### DATASET RECORDS
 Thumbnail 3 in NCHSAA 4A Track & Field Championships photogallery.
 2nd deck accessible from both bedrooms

==

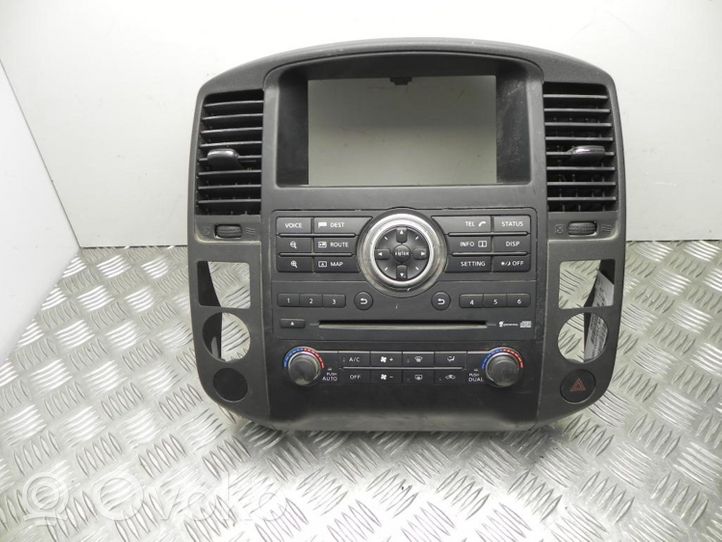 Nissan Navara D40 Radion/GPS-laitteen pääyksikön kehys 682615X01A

### DESCRIPTION OF THE TASK
Above are the records; from them, give again exactly the lines from the one containing "Thumbnail 3 in" through the one containing "2nd deck accessible from both bedrooms", both included.

### RESPONSE TO THIS TASK
 Thumbnail 3 in NCHSAA 4A Track & Field Championships photogallery.
 2nd deck accessible from both bedrooms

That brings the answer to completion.